Marseilles

IMG_2690Our trip to Marseilles begins with a 1+ hour drive along the toll highway run by Vinci, the French construction company that runs all the toll highways in France (and all the parking lots in Paris). Vinci also runs the parking lot where I work. Anyway, our first destination is the beach…a nice little public beach where, if you get in early enough to find a place to park, you can stake out a place in the sun and grab your snorkelling gear and go tropical fish spotting. Or people watching. There is quite an assortment of people here, women in hijabs mingle with topless women, babies with big pink bellies as well as hairy middle-aged men with big pink bellies.

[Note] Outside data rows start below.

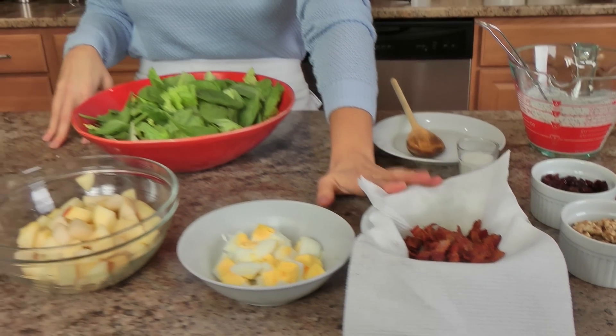My bacon cooked until it was nice and crispy, and I just put that in a little bowl over a paper towel to soak up all that extra grease. Now you can plate this however your heart desires, but for me, when I make any kind of Cobb salad, I love putting my toppings in little sections — I think it looks really chic that way, but you can do whatever your heart desires.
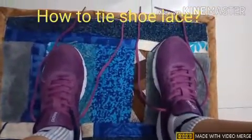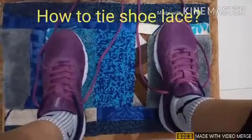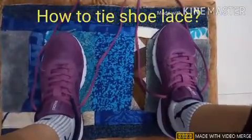Hello Kids! Today I am going to show you how to tie shoelaces.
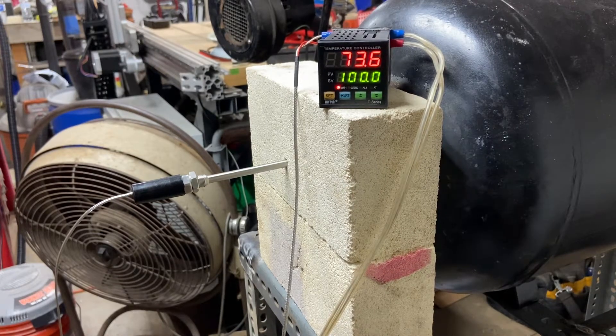Here at the back of my propane gas forge, I wanted to fire up the camera and show you a very easy and relatively inexpensive way for monitoring temperature inside of your gas forge.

As the mouth of the bay widens, the beach is replaced by a rocky shore that is closed to swimmers and beachgoers, offering the owners of the expansive villas on the hilltop with a bit more privacy for their million-euro villas. By lunchtime the heat is unbearable unless you’re in the water. We have lunch at the nearby restaurant. The 1 km walk in the 37 degree heat to find my rental car almost kills me.

Le panier
Le panier

We head off to Marseilles proper, or specifically the Vieux Port section. This area was, not long ago, a dirty slum that was to be torn down — it being one of the few older areas of town that wasn’t bombed out or blown up by the Germans during the last great war. The municipal government decided to tart it up by refinishing the dirty brown buildings and encouraging artists to take over the abandoned spaces. The place now is the scene for one of the most popular French dramas, Plus belle la vie where the real life neighbourhood known as Le panier (The Basket) is portrayed as the fictional neighbourhood of Mistral. The neighbourhood is very gritty, the people very real but you can tell its on the cusp of transformation with artsy shops alongside substance abuse recovery centres.

Hospice
Hospice

Nearby there is a magnificent set of buildings that used to house the sick and poor who were ministered by various religious orders. We don’t have time to tour the inside so we move on to tour the rest of Mistral/Le panier. We make our way up and down the neighbourhood until we arrive at the old port which is now mostly reserved for pleasure craft and the odd Coast Guard ship. In the distance, on the hillside, is a very old church, Notre Dame de la Garde. There is no shortage of old churches in France. Further down there not one but two forts…one fort guards the northern approach to the port while the other overlooks the more vulnerable southern approach. At one point, it is obvious, this was a very important port.

IMG_2722Returning back to car park, we pass by the Cathédrale La major, a 19th century Byzantine church that is reputed to be one the best examples of this architecture in France. Too pooped by the sun and the beach, we pass on the opportunity to visit the cathedral and make our way to our cars, pack up our cameras and head back onto the highway back to Manosque.